Fewer than half of Americans believe President Trump has done something illegal when it comes to his ties with Russia, but more than 6 in 10 say he has tried to impede or obstruct the investigation into these ties, according to a new survey by The AP-NORC Center for Public Affairs Research. The survey also finds that confidence in the Justice Department’s investigation has increased among Democrats and decreased among Republicans since June.
Forty percent of Americans say Trump has done something illegal with regards to his campaign’s ties with Russia, 32 percent say he has done something unethical but not illegal, and 25 percent say he has committed no wrongdoing.
But when it comes to the investigation into these ties, 63 percent say he has tried to impede or obstruct the investigation and 35 percent say he has not. These numbers remain largely unchanged since June of this year.
And many Americans lack confidence that neither the Justice Department’s investigation, led by former FBI Director Robert Mueller, nor the Congressional investigation will be fair and impartial. Twenty-six percent of Americans say they are extremely or very confident that the Justice Department’s investigation will be fair and impartial, 31 percent are moderately confident, and 42 percent are not very or not confident at all. Just 13 percent of Americans say they are extremely or very confident that the Congressional investigation into Trump’s ties to Russia will be fair and impartial, 32 percent are moderately confident, and 54 percent are not very or not confident at all.
While Democrats and Republicans express similarly low levels of confidence in the Congressional investigation, their views on the Justice Department’s ability to conduct a fair investigation have diverged since June.
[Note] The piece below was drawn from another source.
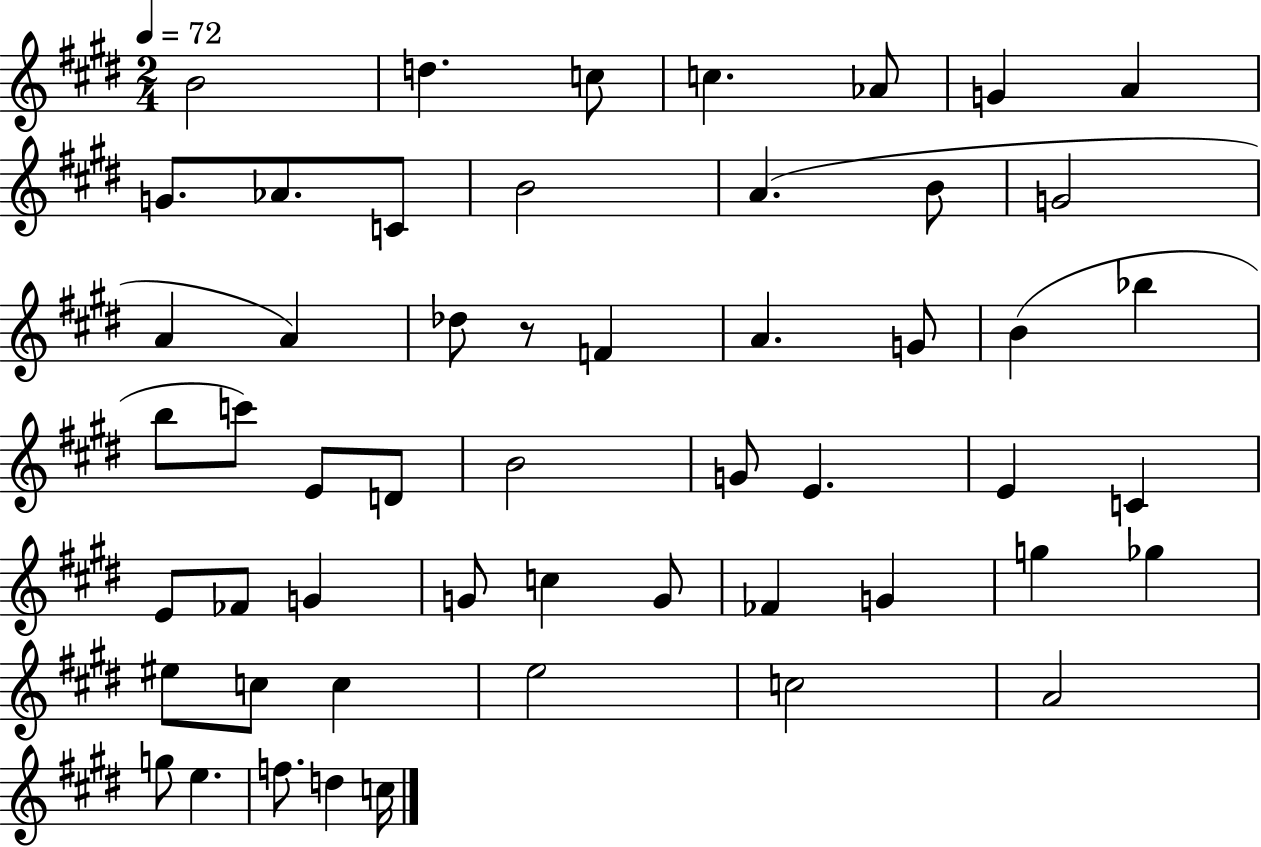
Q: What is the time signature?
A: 2/4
In June, 27 percent of Democrats and 28 percent of Republicans expressed confidence in the fairness of the Justice Department’s investigation. Today, 38 percent of Democrats express confidence compared with just 14 percent of Republicans.
The nationwide poll was conducted December 7-11, 2017 using the AmeriSpeak® Panel, the probability-based panel of NORC at the University of Chicago. Other topics covered on the survey are sexual misconduct, presidential approval, and attitudes toward abortion. Online and telephone interviews using landlines and cell phones were conducted with 1,020 adults. The margin of sampling error is plus or minus 4.3 percentage points.